### EXCERPTED DATA
-----
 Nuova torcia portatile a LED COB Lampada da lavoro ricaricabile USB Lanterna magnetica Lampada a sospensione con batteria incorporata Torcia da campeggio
-----
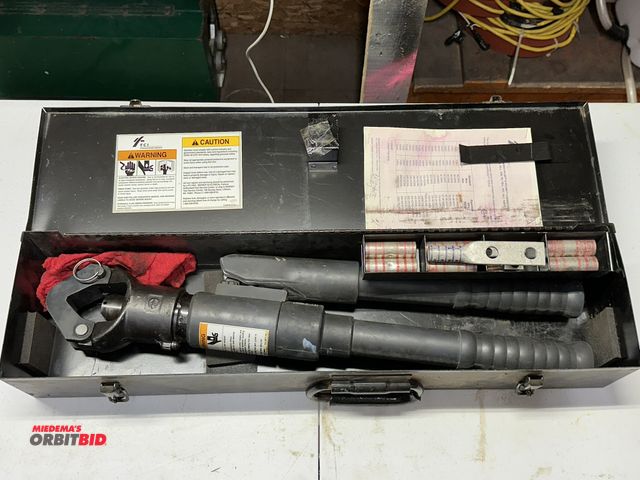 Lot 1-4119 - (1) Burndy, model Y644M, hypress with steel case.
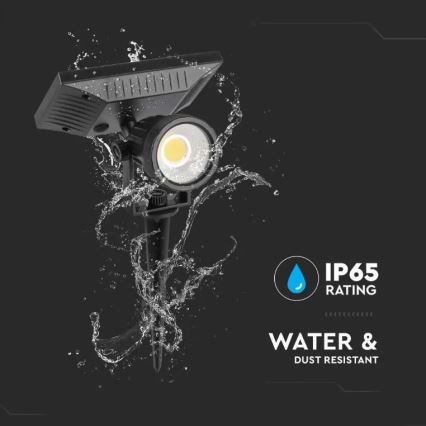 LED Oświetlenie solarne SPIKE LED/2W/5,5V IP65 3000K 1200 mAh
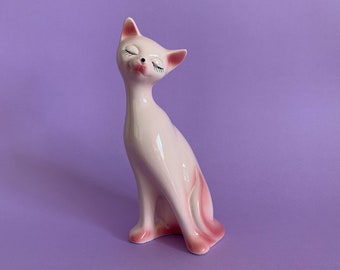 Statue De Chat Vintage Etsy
-----
Please copy out from the data above, without any picture, exactly the lines running from the one that holds "LED Oświetlenie solarne" through the one that holds "Statue De Chat Vintage Etsy", and nothing beyond them.

### FINISHED EXERCISE
 LED Oświetlenie solarne SPIKE LED/2W/5,5V IP65 3000K 1200 mAh
 Statue De Chat Vintage Etsy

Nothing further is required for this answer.